Tuesday, October 5, 2010

Look to the East for Liquidity


We continue to see the impact from the  collapse of liquidity and erosion of value in the old world economies  flowing from the global financial crisis of 2007 and 2008.   The Wharton School of the University of Pennsylvania recently reported ( In Search of Capital ) that during 2009 angel investing in the USA in start ups declined a further 8.3% to $17.6 billion - following an earlier massive  drop of 26.2% in 2008.  This didn't really overcome the positive news that because deals were slightly smaller in size last year there was actually a 3% increase in the total number of firms that got financing.  If the US stops funding entrepreneurial activity there is something seriously wrong.

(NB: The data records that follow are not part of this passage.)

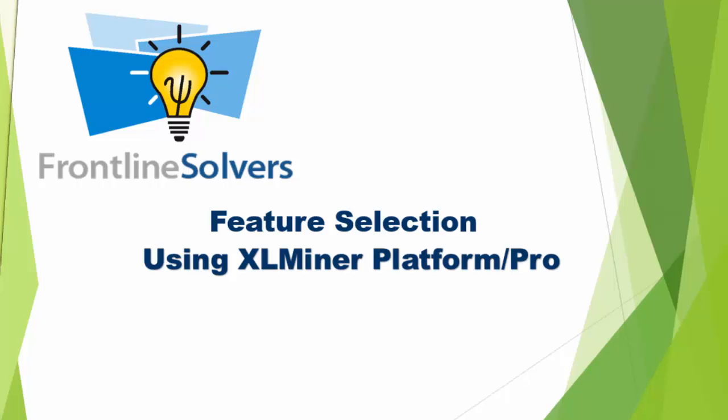Feature selection methods in both Excel Miner Pro and Platform are powerful tools to help you decide which data to feed into your classification and prediction algorithms.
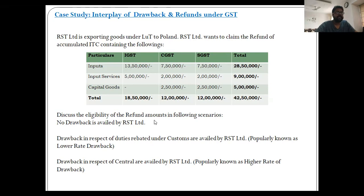The duties and taxes neutralized under the scheme of drawback through Foreign Trade Policy are: one, customs and GST in respect of inputs; and two, GST in respect of input services. This neutralization happens based on specific rates of drawback dependent on the type of commodity and not necessarily linked to the actual taxes paid.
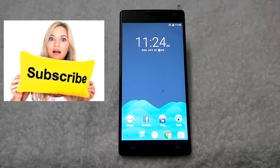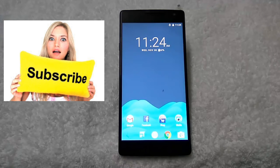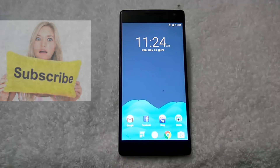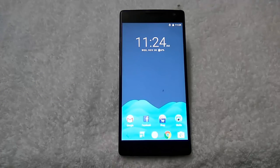Today in this guide, I will show you how to update your Android phone with the latest Android 7.1 Nougat. This will work on any Android phone which is running on Marshmallow, Lollipop, or KitKat. So let's get started.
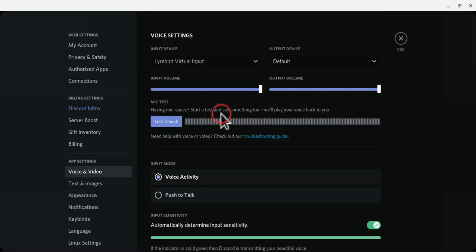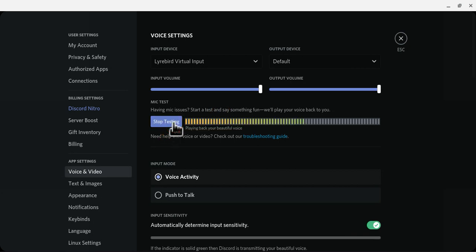So I'm just gonna test it to show you how loud it is.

In June we saw Dave Kansas pose the question Did China Save Your Retirement in his Wall Street Journal article - proposing that unless the Chinese let their yuan appreciate against the US dollar US retirement savings were under severe threat - and expressing some relief that there appeared to be some signs that China appeared to making moves to loosen controls on their currency.  More recently we have seen the US legislature approve new laws empowering the administration to take punitive action against the Chinese unless they relax their currency controls.  I won't hold my breath.  Why should/would they?

To me the best indicators of what is happening is to watch where the private bankers and investment bankers are going with staff, infrastructure and to source capital.  And it's not Europe or North America. It's India and China.  Look at the example of Lombard Odier Darier Hentsch, the small and venerable old boutique Swiss private bank - which is boosting its Hong Kong team.  At the time it made this announcement in September it criticised it's larger private banking rivals also rushing to China stating that the days of product pushing are over and the future of private banking is "where the client is still the focus".  "The deleveraging that has occurred following the global financial crisis in 2008 has resulted in a structural change in the market.  It is not a cyclical change".

I am excited by this.  As an Australian living in our island at the bottom of Asia I am living right in the middle of the largest global power shift since the war.

What opportunity there lies for the brave and the agile!